#### YOUR ASSIGNMENT
Check each line of the material. Copy those containing "Used".

#### MATERIAL PROVIDED
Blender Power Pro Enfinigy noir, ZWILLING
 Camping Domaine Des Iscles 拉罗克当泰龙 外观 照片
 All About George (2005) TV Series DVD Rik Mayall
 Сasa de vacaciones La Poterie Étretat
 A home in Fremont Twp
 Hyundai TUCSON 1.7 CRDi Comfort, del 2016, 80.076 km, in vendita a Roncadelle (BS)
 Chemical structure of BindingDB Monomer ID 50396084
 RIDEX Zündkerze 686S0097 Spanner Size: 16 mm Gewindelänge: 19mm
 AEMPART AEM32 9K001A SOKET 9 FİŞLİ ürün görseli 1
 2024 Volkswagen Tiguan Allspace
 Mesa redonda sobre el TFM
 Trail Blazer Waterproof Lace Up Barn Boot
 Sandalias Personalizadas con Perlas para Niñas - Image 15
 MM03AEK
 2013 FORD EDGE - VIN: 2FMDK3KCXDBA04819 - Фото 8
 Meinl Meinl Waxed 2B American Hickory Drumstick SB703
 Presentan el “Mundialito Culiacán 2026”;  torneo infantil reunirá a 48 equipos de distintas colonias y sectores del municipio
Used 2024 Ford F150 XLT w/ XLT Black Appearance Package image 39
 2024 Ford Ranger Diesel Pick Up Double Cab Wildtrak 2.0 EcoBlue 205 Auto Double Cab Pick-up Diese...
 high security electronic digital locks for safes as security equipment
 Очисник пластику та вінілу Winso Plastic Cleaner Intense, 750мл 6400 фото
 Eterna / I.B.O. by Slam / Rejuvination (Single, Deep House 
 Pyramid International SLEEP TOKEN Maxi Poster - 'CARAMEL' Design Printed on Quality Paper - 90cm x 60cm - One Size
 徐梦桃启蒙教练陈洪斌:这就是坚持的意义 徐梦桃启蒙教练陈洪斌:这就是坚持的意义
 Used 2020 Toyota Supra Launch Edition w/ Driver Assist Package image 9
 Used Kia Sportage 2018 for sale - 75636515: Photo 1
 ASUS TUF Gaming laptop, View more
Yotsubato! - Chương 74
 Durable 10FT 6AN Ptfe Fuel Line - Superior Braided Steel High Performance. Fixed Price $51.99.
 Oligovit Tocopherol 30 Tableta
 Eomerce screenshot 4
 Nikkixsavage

#### OUTPUT
Used 2024 Ford F150 XLT w/ XLT Black Appearance Package image 39
 Used 2020 Toyota Supra Launch Edition w/ Driver Assist Package image 9
 Used Kia Sportage 2018 for sale - 75636515: Photo 1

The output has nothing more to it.